ECLI:NL:RVS:2025:1508
Raad van State
- Hoger beroep
- Rechtspraak.nl
Hoger beroep tegen vrijheidsontnemende maatregel opgelegd door de minister van Asiel en Migratie
In deze zaak gaat het om een hoger beroep van de minister van Asiel en Migratie tegen een uitspraak van de rechtbank Den Haag, zittingsplaats Amsterdam, van 10 januari 2025. De rechtbank had het beroep van betrokkene gegrond verklaard en schadevergoeding toegekend, omdat de rechtbank oordeelde dat het Justitieel Complex Schiphol op dat moment geen gespecialiseerde bewaringsaccommodatie meer was in de zin van artikel 10, eerste lid, van de Opvangrichtlijn. De minister heeft hiertegen hoger beroep ingesteld.

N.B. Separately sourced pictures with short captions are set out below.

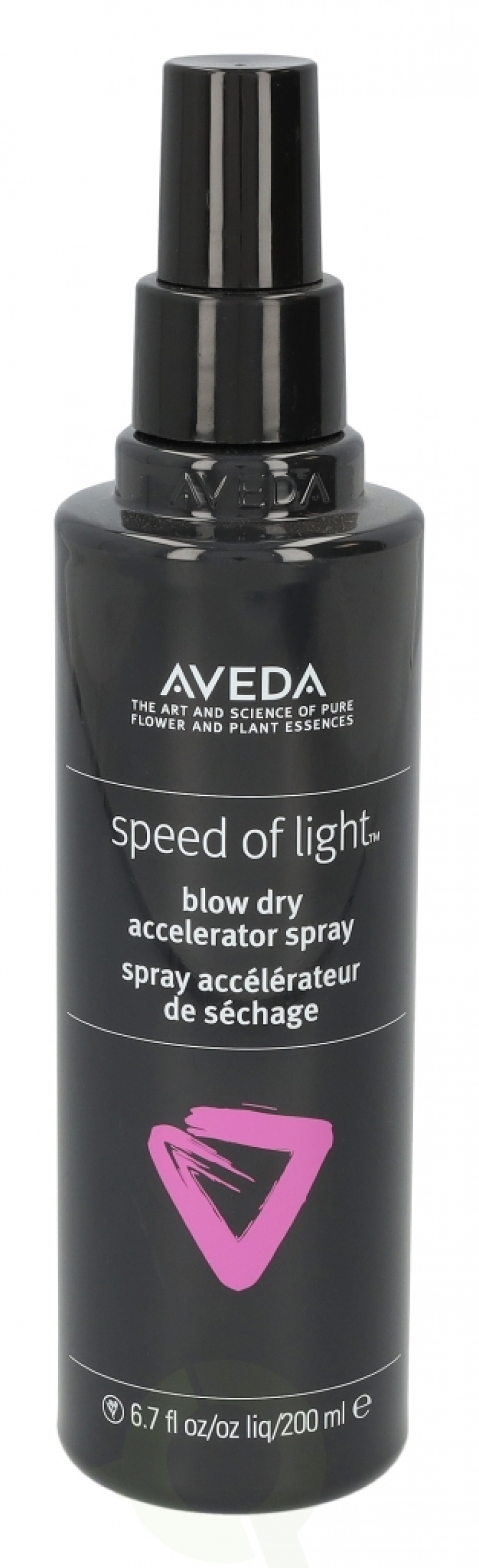 Aveda Speed Of Light Blow Dry Accelerator Spray 200 ml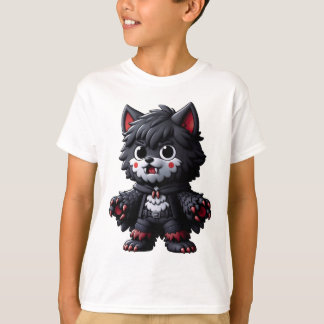 : "Chibi Werevarg T Shirt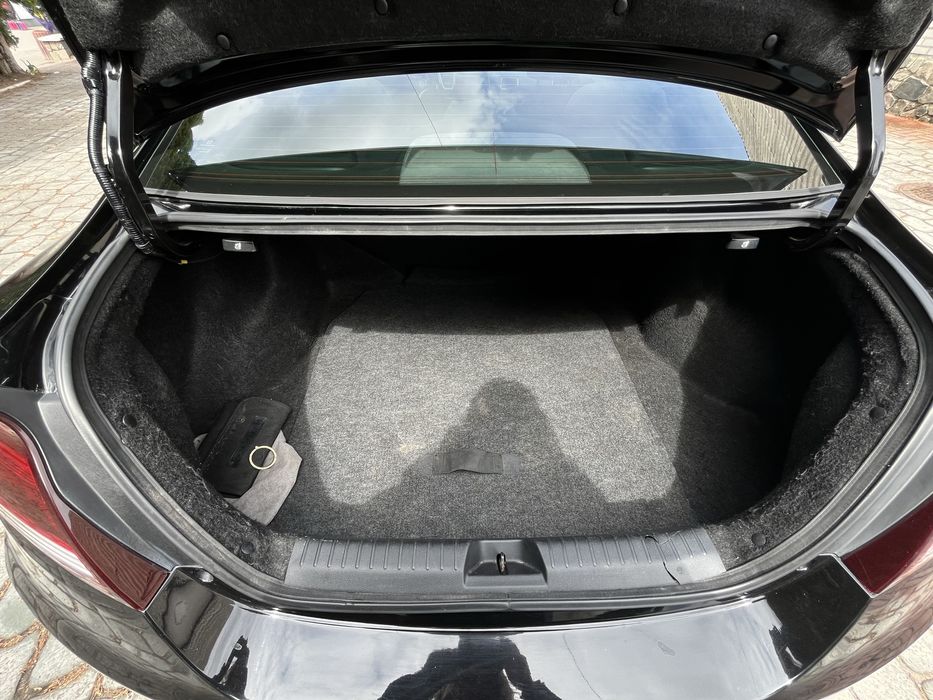 Honda Civic Coupe 2014 в ЛІЗИНГ | КРЕДИТ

De Afdeling bestuursrechtspraak van de Raad van State heeft het hoger beroep gegrond verklaard. De rechtbank heeft de uitspraak vernietigd en het beroep van betrokkene ongegrond verklaard. De Afdeling oordeelt dat er geen beroepsgronden zijn die de rechtbank niet heeft besproken en ziet ook ambtshalve geen reden om de grensdetentie onrechtmatig te achten. Het verzoek om schadevergoeding is afgewezen en de minister hoeft geen proceskosten te vergoeden.
De uitspraak is gedaan op 4 april 2025, waarbij mr. J.C.A. de Poorter als lid van de enkelvoudige kamer heeft vastgesteld dat de minister terecht in hoger beroep is gegaan. De uitspraak van de rechtbank is vernietigd en de beslissing van de minister is in stand gehouden.